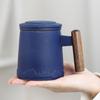 Large Capacity Ceramic Tea Water Separation Cup Wooden Handle Coffee Cup Kung Fu Tea Set  Business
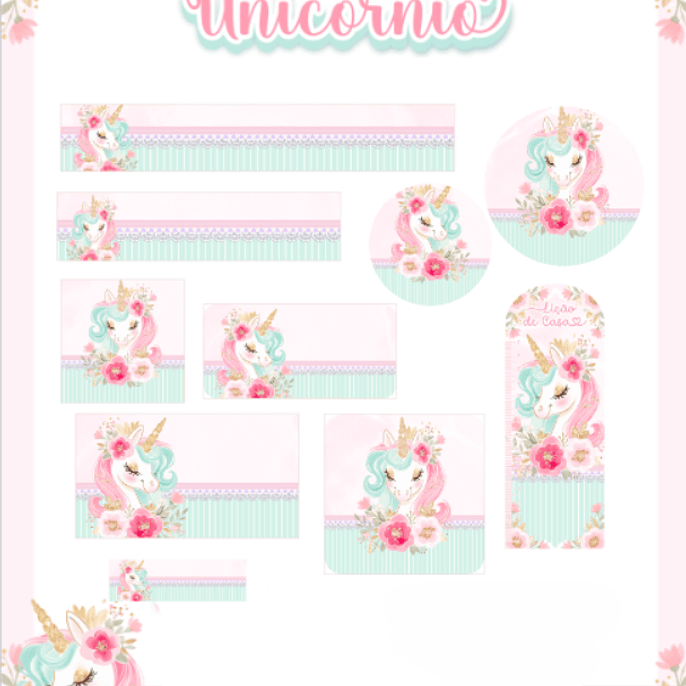 Arquivo Etiqueta Escolar Unicórnio - PAMELLA 1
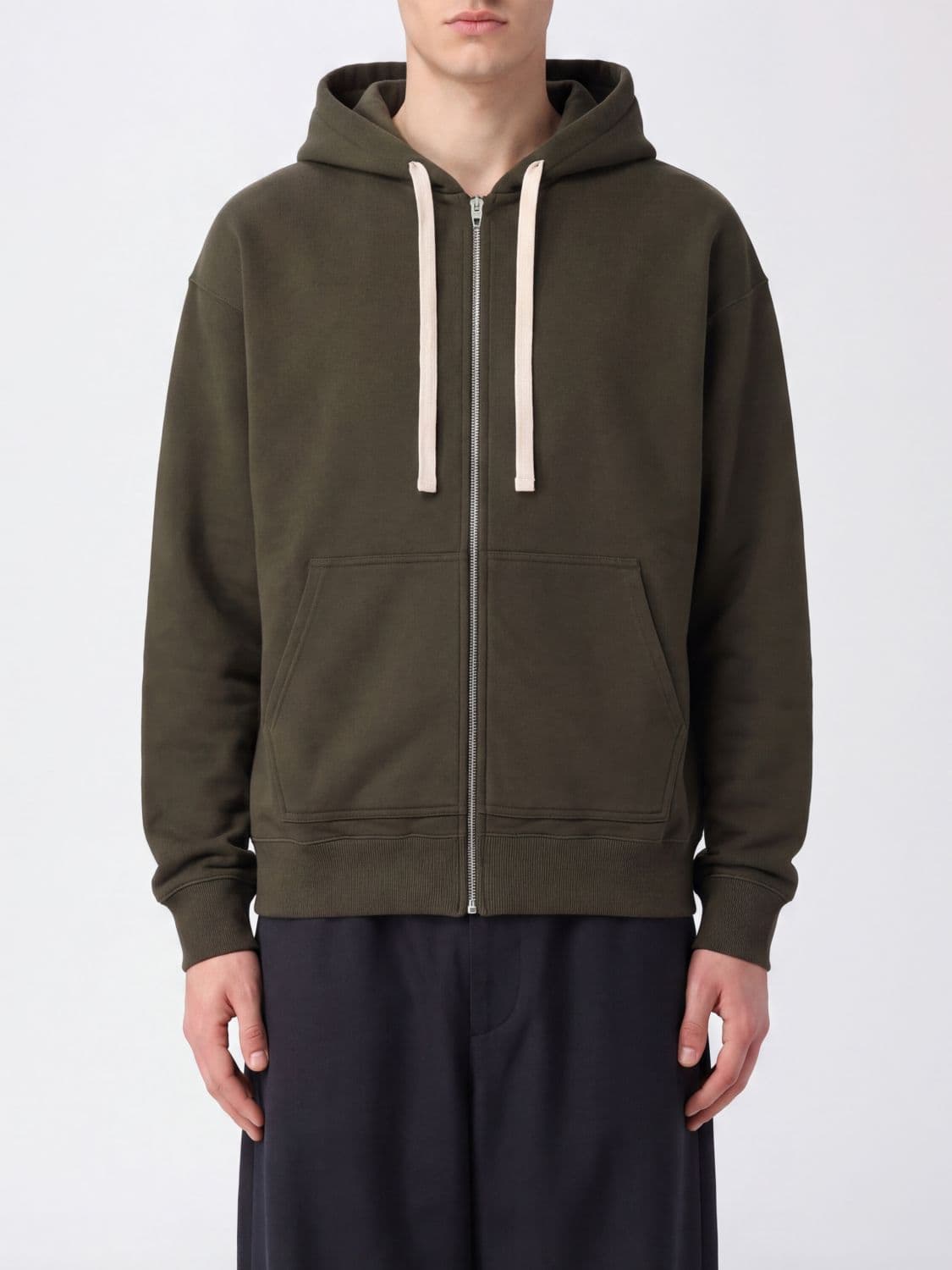 Jil Sander Two-Tone Pure Cotton Zip-Up Hoodie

**Exercise**
Exact lines, nothing more: output the one with "Arquivo Etiqueta Escolar" and every later line through the end of the data, skipping pictures.

**Reply to the task**
 Arquivo Etiqueta Escolar Unicórnio - PAMELLA 1
 Jil Sander Two-Tone Pure Cotton Zip-Up Hoodie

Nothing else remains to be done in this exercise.